Ama bir süredir gerek Midyat'ta gerekse İstanbul'da Süryaniler sivil toplum örgütlerini kurdular. İstanbul'da Mezopotamya Kültür ve Dayanışma Derneği (Mezo-Der) ile Midyat'ta Midyat Süryani Kültür Derneği kuruldu. Bu iki örgüte karşı, örgütlerin bütün çabalarına rağmen, Süryani toplumu içindeki ruhaniler ve kilise diğer bütün inanç temelli karşı duruşlarda olduğu gibi egemenliklerini paylaşmak istemeyip ilan edilmemiş bir blokaj uyguluyorlar.
Oysa Süryani Sivil Toplum Örgütçülüğünün gelişmesi gerek. Bu hem bölgede hem de genel olarak Süryani toplumuna yönelik yaşanması muhtemel sıkıntıların önünü de keser. Bir başka açıdan dünyaya açılan farklı bir sivil yüz oluşur düşüncesindeyim.
Nitekim bunu fark etmiş olacaklar ki bu iki sivil toplum örgütünün yöneticileri yaşadıkları şehirlerden belediye meclis üyeliklerine de soyunmuşlar. İyi de etmişler, dilerim seçilirler. Ayrıca kilise üzerinden bir toplumun sadece inanç ve ibadet temelli yansıyan yüzünün yanında, sivil dünya üzerinden de Süryani toplumunun tarihi, kültürü, yaşam biçimi ve benzeri özellikleri bu örgütlülüklerle yansıtılmış olur.

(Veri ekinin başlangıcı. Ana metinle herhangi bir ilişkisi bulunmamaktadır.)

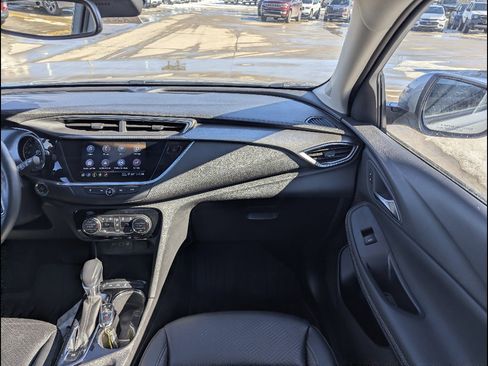 Used 2023 Buick Encore GX Essence w/ Experience Buick Package image 4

Diğeri ise belki en az ilki kadar önemli. Süryani olmayanların Süryani toplumuna sahip çıkmaları! Tam da "özür dileme" mevzuu ülkenin gündemindeyken! "Mor Gabriel'e Dokunma" kampanyasında olduğu gibi, duruşmalara ve Süryanilerin yaşadıkları mekanlara görünür bir temsiliyetle katılma gibi, bölgedeki Süryanileri Kürt siyasal temsiliyetinin en zirvesindeki şahsiyetleriyle ziyaret ederek yapılıyor zaten.
Bir süre önce Midyat'ta bir vesile ile davetli olarak katıldığım bir panelde dile getirmiştim. Şimdi kadim coğrafyada ev sahibi ve çoğunluk konumunda olanlar, organik kültürün son ürkek kuşları Süryanileri en iyimser kabulle "turistik meta unsuru" gibi değil en az kendileri kadar kendilerinden sayıp aileden biri gibi sahiplenmek durumundalar. Yoksa ülke tam da bir grup haysiyetli aydının özür dilediği bu günlerde yeni özürlere ihtiyaç duyar. Aman duymasın / duymayalım, benden söylemesi...
"Göz göze geliyoruz:
Ben bunları söylüyorum
O bir şey söylemiyor"* (ŞD/TK)
* Murathan Mungan. Bazı yazlar uzaktan geçer. Metis Yayınları. Şubat 2009. İst.